Landsal Pty Ltd v R E I Building Society

Case

[1990] FCA 447

16 AUGUST 1990

No judgment structure available for this case.

Re: LANDSAL PTY. LTD. (IN LIQUIDATION), W.A.; REID CONSTRUCTIONS PTY. LTD. (IN
LIQUIDATION); ANDREW THOMAS ABRAHAM REID; FRANKLYN RICHARD JOHN WHITE and
KATHLEEN CAROL WHITE
And: REI BUILDING SOCIETY
No. G180 of 1989
FED No. 447
Procedure

COURT

IN THE FEDERAL COURT OF AUSTRALIA


SOUTH AUSTRALIAN DISTRICT REGISTRY
GENERAL DIVISION
O'Loughlin J.(1)
CATCHWORDS

Procedure - Motion to strike out statement of claim alleging breach of s.52 Trade Practices Act as disclosing no reasonable cause of action - whether claim sufficiently pleaded - whether a corporation was engaging in trade or commerce - whether evidentiary issues should be considered in a striking out application.

HEARING

ADELAIDE

#DATE 16:8:1990

Counsel for the Applicants : Mr. N. Morcombe

Solicitors for the Applicants : P. Kerin and Associates

Counsel for the Respondents : Mr. D. Bleby QC with Mr R. Kennett

Solicitors for the Respondents: Kelly and Co.

ORDER

1. The respondent's motion to strike out Statement of Claim be dismissed.

2. Question of costs and whether the matter was fit for senior counsel, reserved.

3. Liberty to any party to list the matter on 7 days notice.

Note: Settlement and entry of orders is dealt with in Order 36 of the Federal Court Rules.

JUDGE1

Application to strike out statement of claim.

In their statement of claim the five applicants have alleged that the respondent, REI Building Society, engaged in conduct that was misleading or deceptive or was likely to mislead or deceive and that it had therefore contravened s.52 of the Trade Practices Act 1974 (Cth) ("the Act"). The first two named and the last two named applicants have sought, inter alia, damages pursuant to s.82. The remaining applicant, Andrew Thomas Abraham Reid (in conjunction with the applicant Franklyn Richard John White) seeks, pursuant to s.87, relief by way of the discharge of a guarantee that was executed by them in favour of the respondent. In addition, the first four named applicants have claimed that the respondent fraudulently misrepresented certain matters to them: (para 28.2 of the statement of claim). Even so, in the prayer for relief only the two companies, i.e., the first two named applicants, have claimed consequential damages; whether that was an oversight is not clear. Finally, the first named applicant has claimed from the respondent damages for breach of contract. Other consequential relief has also been claimed but it is not necessary to set that out in detail.

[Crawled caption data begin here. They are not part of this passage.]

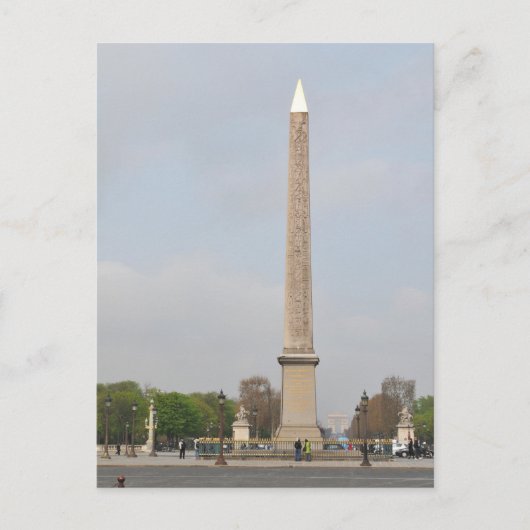 Place de la Concorde in Paris Postkarte (Vorderseite)
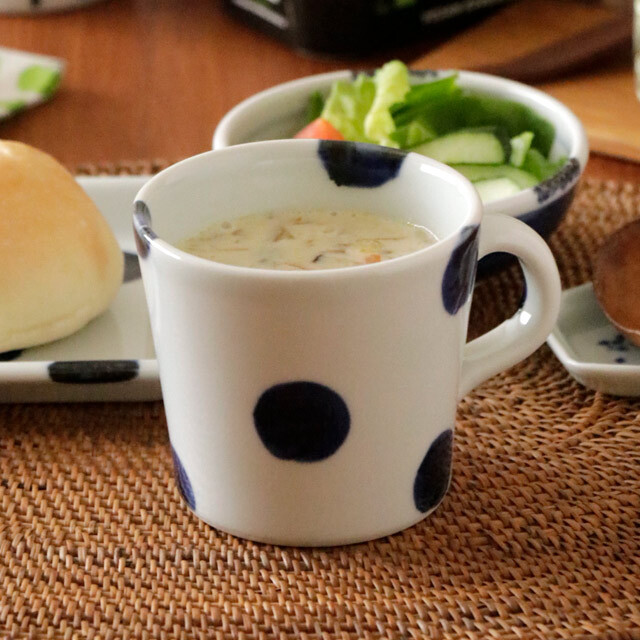 【砥部焼 雲石窯】太丸のマグカップ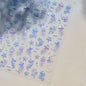 5D Deep Sea Fish Nail Art Stickers Shimmery Bubble Colorful Marine Life Nail Decals Summer Ocean Self Adhesive Manicure Decal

  1. It has been alleged in the statement of claim that in about November 1985, the respondent agreed to lend to the first-named applicant, Landsal Pty. Ltd., (in liquidation) ("Landsal"), the sum of $1.6m to finance the building and development of a block of 14 apartments. It has been further alleged that the respondent knew that the second applicant, Reid Constructions Pty. Ltd. (in liquidation) ("Reid Constructions") "would be undertaking the development for Landsal": (para. 21). To secure the loan, Landsal executed a mortgage over the subject property and the third and fourth respondents, Andrew Thomas Abraham Reid and Franklyn Richard John White guaranteed to the respondent repayment of the loan. These gentlemen were said to be the only directors and shareholders of Landsal and Mr. Reid and his wife (who is not a party to these proceedings) were said to be the only directors and shareholders of Reid Constructions.

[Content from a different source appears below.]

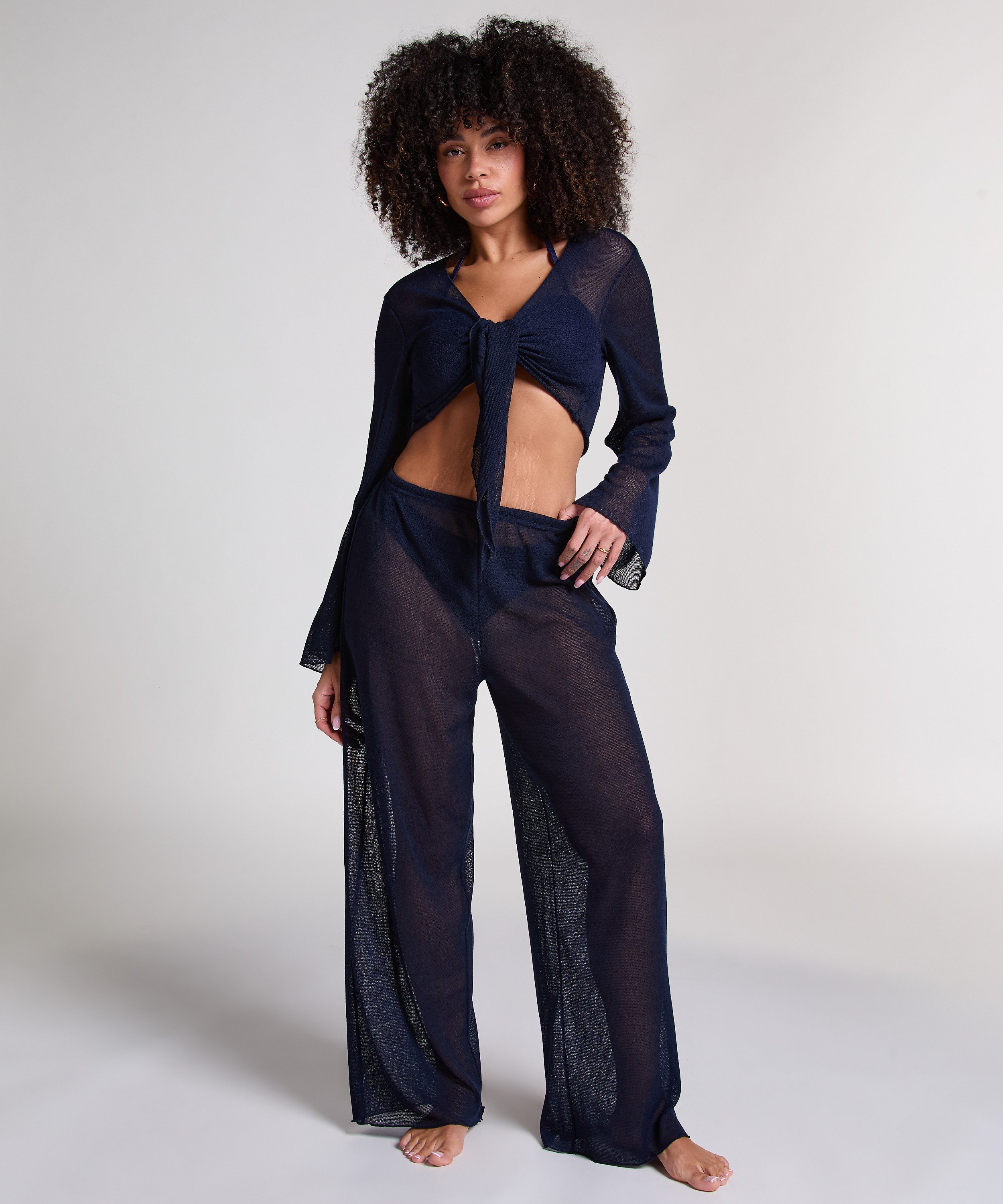 Beach Knit Pant, Blue, main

  2. Paragraph 20 of the statement of claim has listed 12 dates from December 1985 to November 1986 on which the respondent advanced instalments of the loan to Landsal; they total $1.47m, $130,000 less than the agreed loan of $1.6m. However, it has been pleaded that interest accruing on the loan was to be capitalised and that as at 19 November 1986 "(t)he initial loan was fully drawn": (para. 20.2). I consider that it is a fair inference on the pleadings that the apparent discrepancy of $130,000 allegedly represents the capitalised interest. Mr. Bleby QC, counsel for the respondent, complained about this issue. However I find it difficult to accept his complaints when regard is had to the further plea in the statement of claim that the respondent has not provided Landsal (or any of the other applicants) with "statements of indebtedness": (para. 20.2). Assuming this allegation to be true, then the respondent would well know the full details of all advances made and of the interest computations that it might have made. I reject any suggestion that this apparent deficiency in the statement of claim adds weight to the respondent's submission that the statement of claim is so deficient that it should be struck out.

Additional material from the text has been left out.